• [Task directions]: Please set down exactly the lines from the one containing "ハイムホワイトロータス外観写真" through the last line of the records below, both included, with no pictures.

• [Dataset entries]:
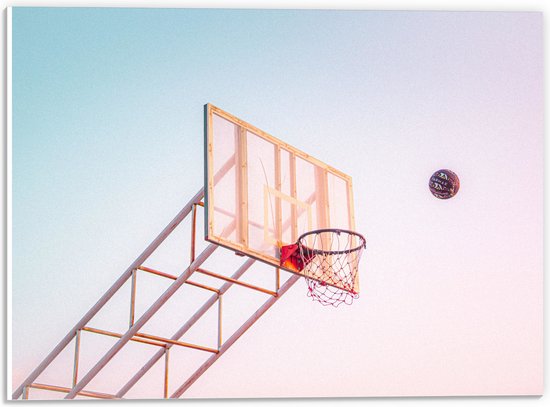PVC Schuimplaat- Bal Vallend in Basket onder Blauwe Lucht - 40x30 cm Foto op PVC Schuimplaat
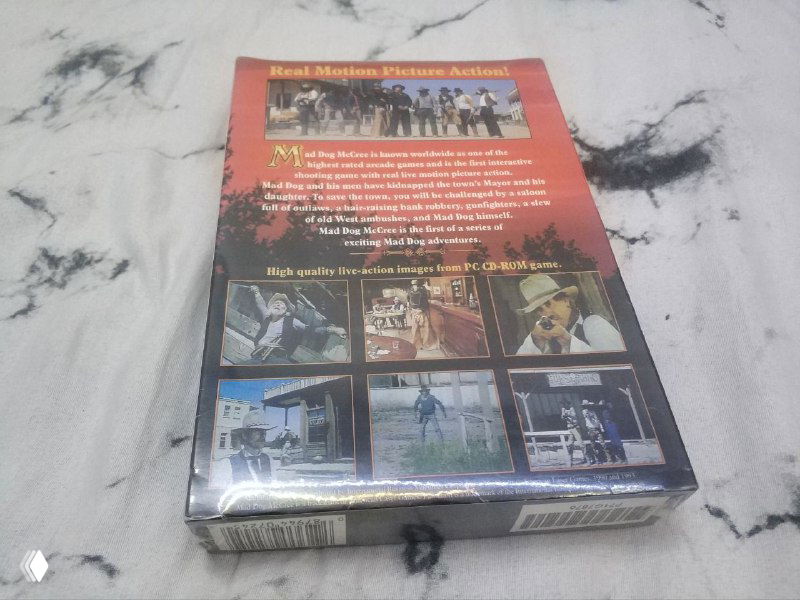 Задняя сторона Mad Dog McCree: видны скриншоты из FMV-игры, краткое описание и указания по управлению на запечатанной коробке.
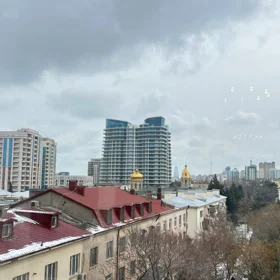 In Baku 170.0 m² apartment is for sale - Image 3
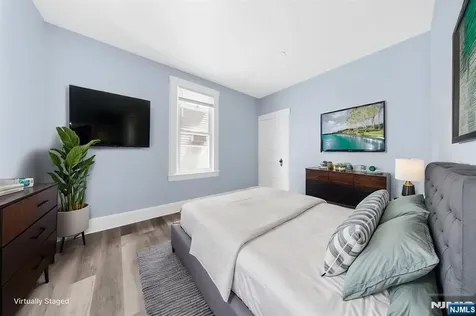 16 Madison Avenue Clifton NJ 07011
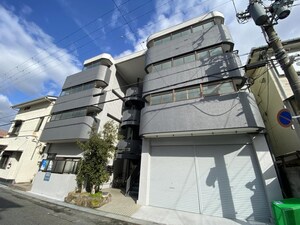 ハイムホワイトロータス外観写真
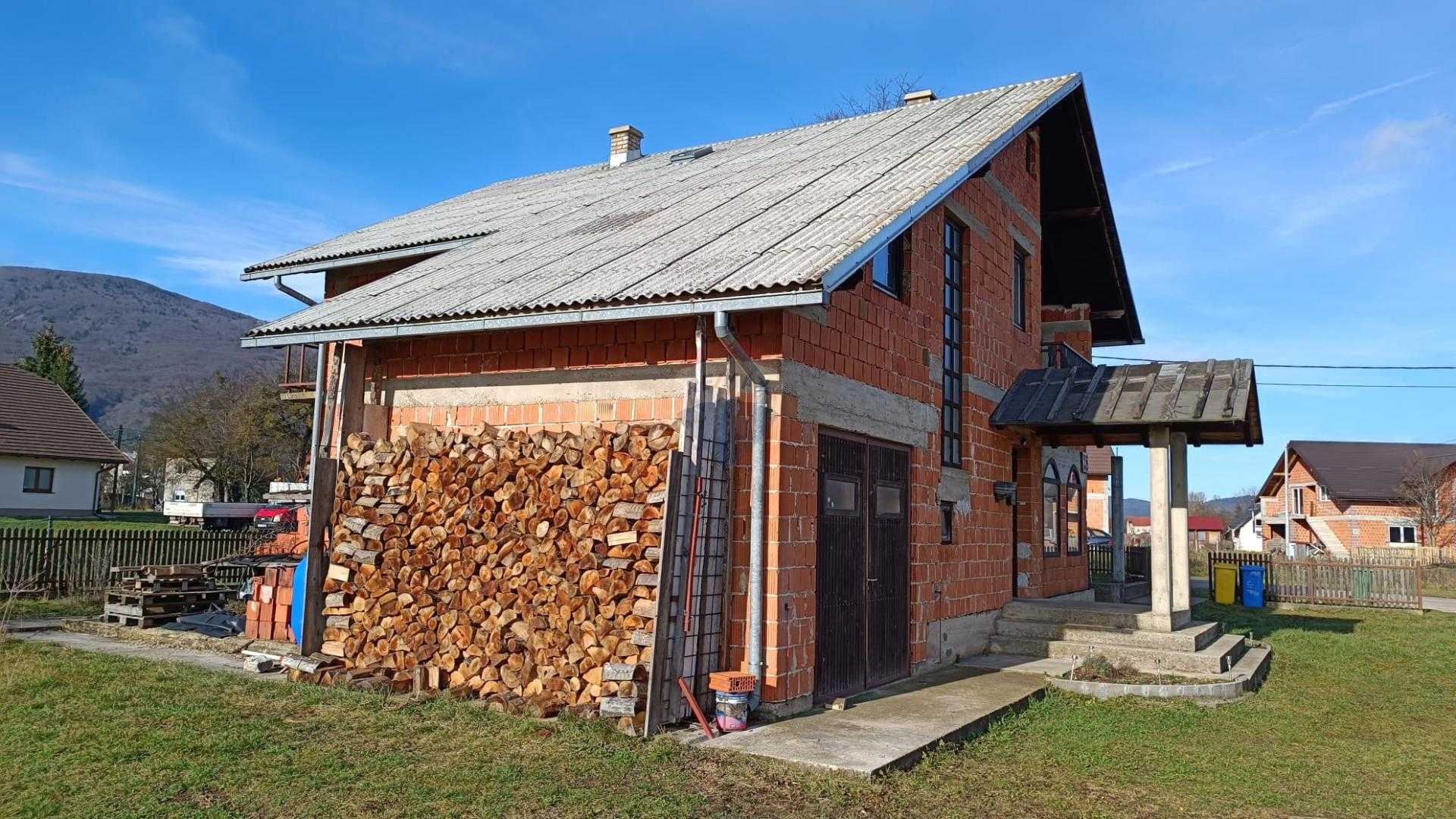 rumah dalam Otocac, Licko-Senjska Zupanija 12031446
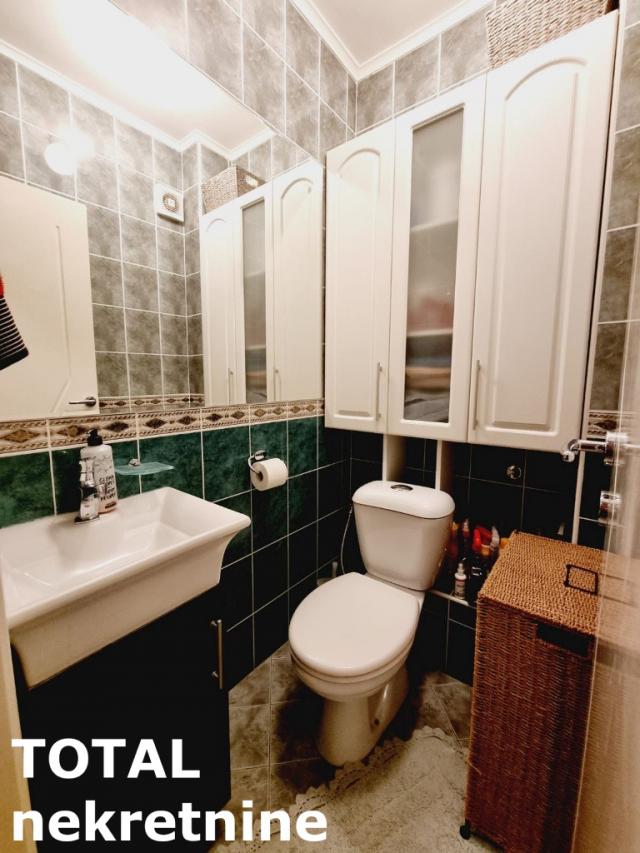 4 Četvorosoban stan NOVI SAD, 334190€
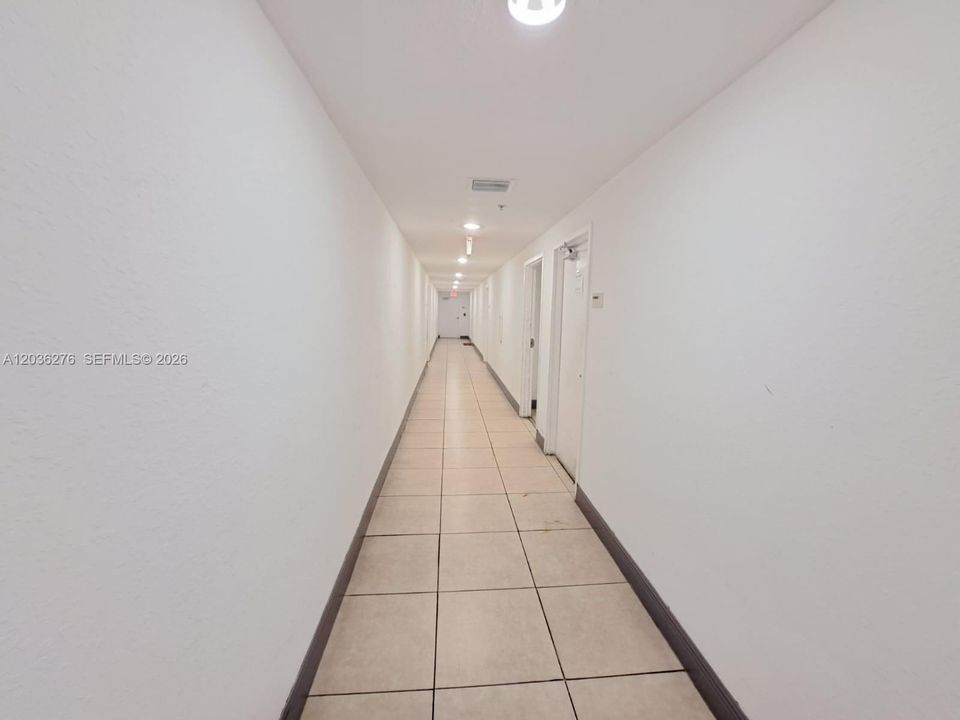 В аренду: $2,600 (2 спален, 2 ванн, 0 Квадратных фут)
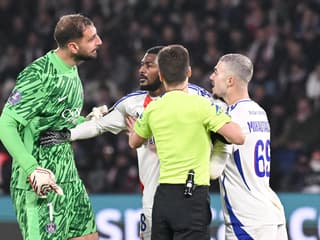 Gianluigi Donnarumma et Georges Mikautadze lors de PSG-OL, le 15 décembre 2024 en Ligue 1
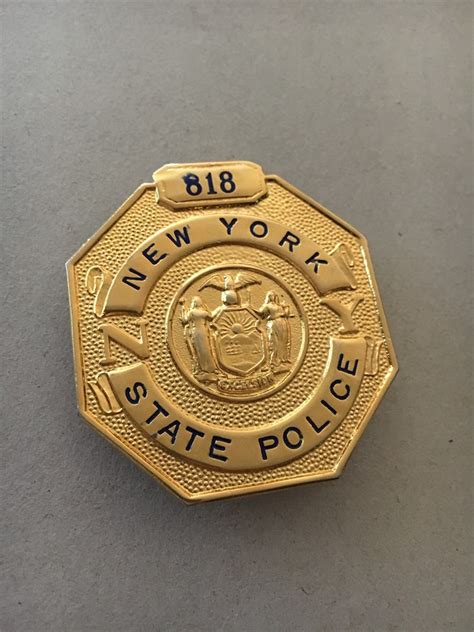 Collectors-Badges Auctions - New York State Police Trooper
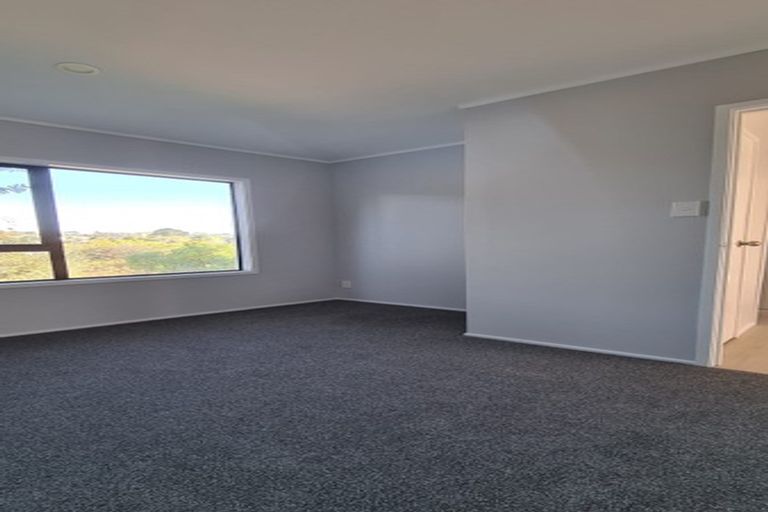 Photo of property in 2/25 Sartors Avenue, Northcross, Auckland, 0630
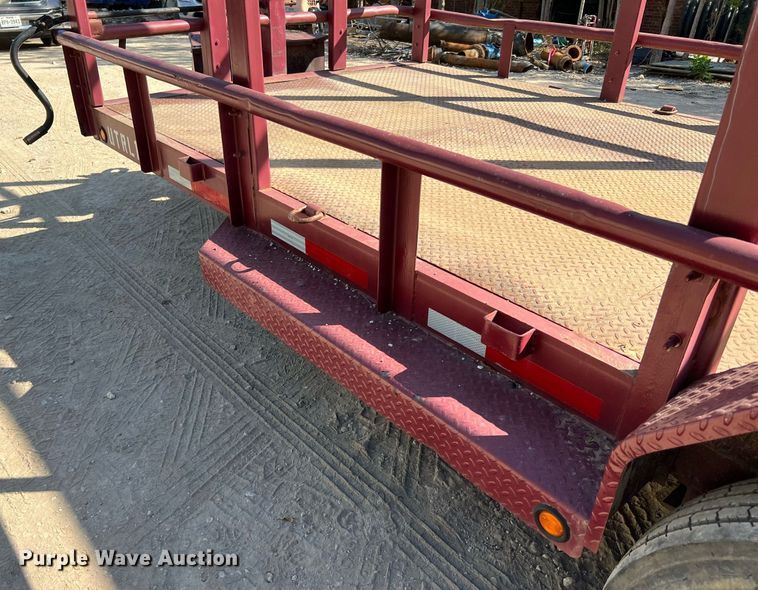 image for item LU9791 2013 Lamar  equipment trailer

• [Answer]:
 ハイムホワイトロータス外観写真
 rumah dalam Otocac, Licko-Senjska Zupanija 12031446
 4 Četvorosoban stan NOVI SAD, 334190€
 В аренду: $2,600 (2 спален, 2 ванн, 0 Квадратных фут)
 Gianluigi Donnarumma et Georges Mikautadze lors de PSG-OL, le 15 décembre 2024 en Ligue 1
 Collectors-Badges Auctions - New York State Police Trooper
 Photo of property in 2/25 Sartors Avenue, Northcross, Auckland, 0630
 image for item LU9791 2013 Lamar  equipment trailer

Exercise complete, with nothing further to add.